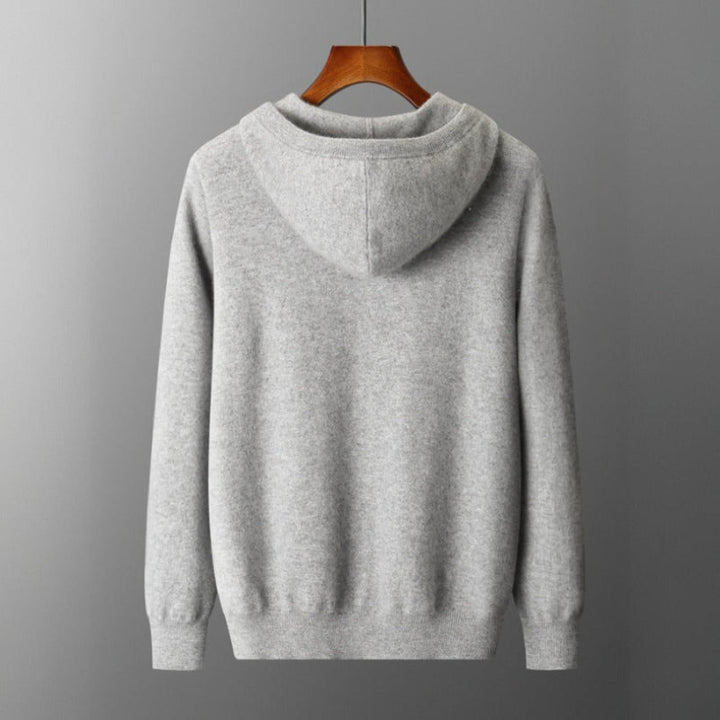 ANDREW™ WOOL CARDIGAN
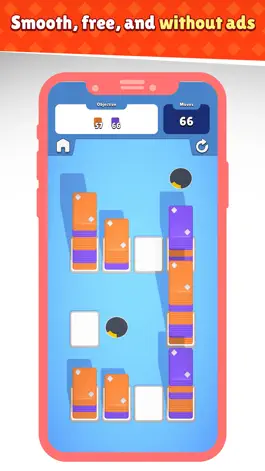 Game screenshot Tricky Stacks mod apk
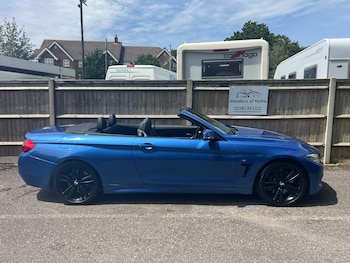Used BMW 4 Series 2016 for sale - 78882428: Photo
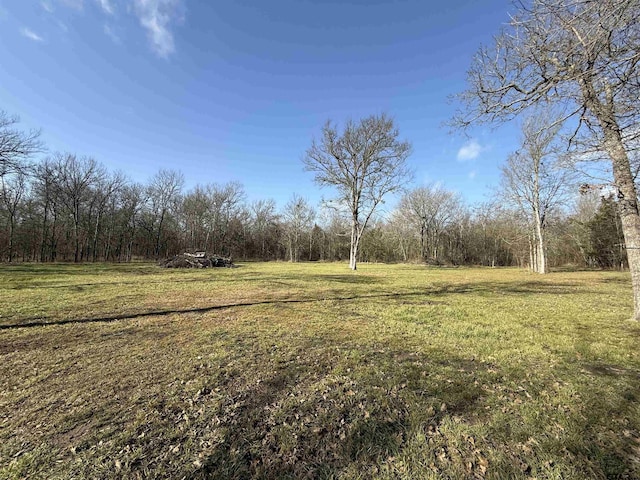 TBD Cr 4744, Sulphur Springs, TX 75482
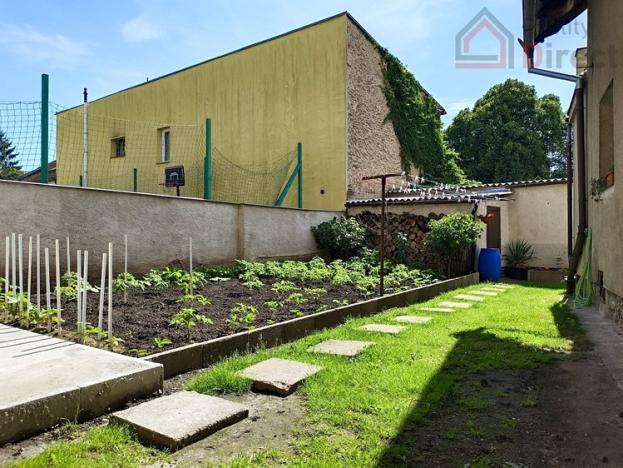 Prodej rodinného domu, Mladá Boleslav, U Cukrovaru, 326 m2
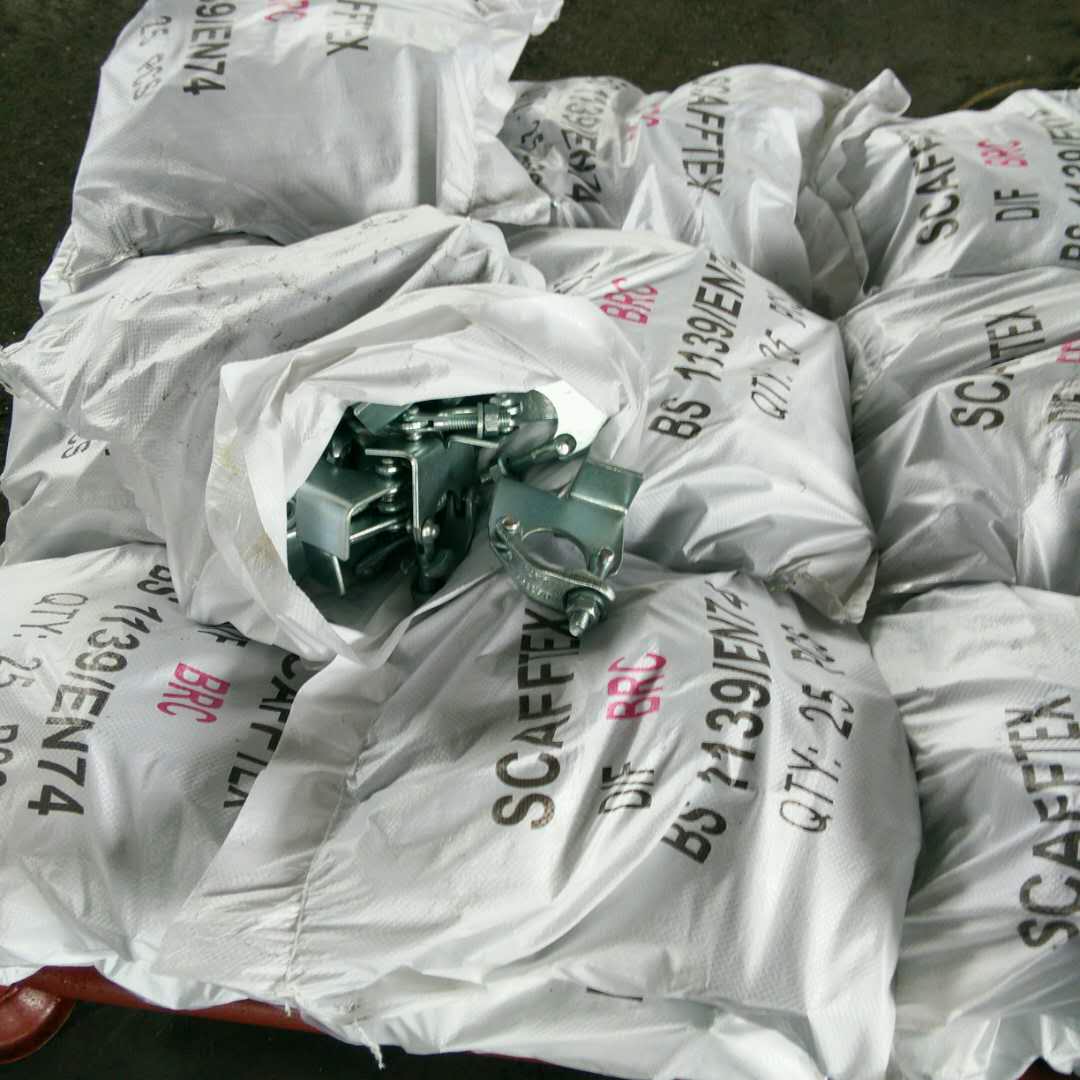 Couplador de reten&ccedil;&atilde;o de placa forjada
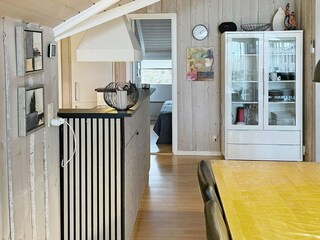 Ferienhaus Sydals  18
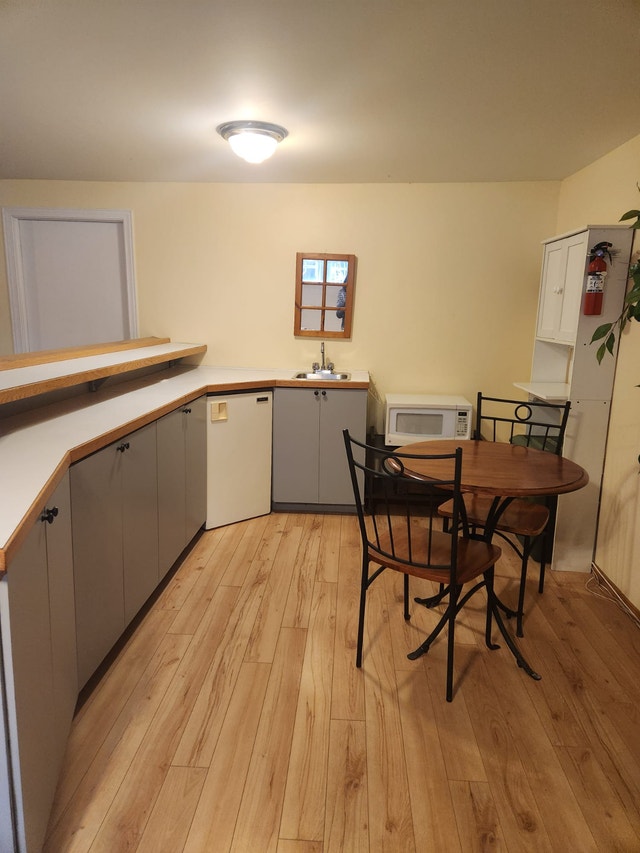 Chambre meublée à Longueuil — photo 2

▸ PROBLEM STATEMENT:
The copy should hold exactly the lines from the line containing "TBD Cr 4744, Sulphur Springs, TX 75482" through the last line of the records, both included, and no pictures or other lines.

▸ SOLUTION FOR THIS EXERCISE:
 TBD Cr 4744, Sulphur Springs, TX 75482
 Prodej rodinného domu, Mladá Boleslav, U Cukrovaru, 326 m2
 Couplador de reten&ccedil;&atilde;o de placa forjada
 Ferienhaus Sydals  18
 Chambre meublée à Longueuil — photo 2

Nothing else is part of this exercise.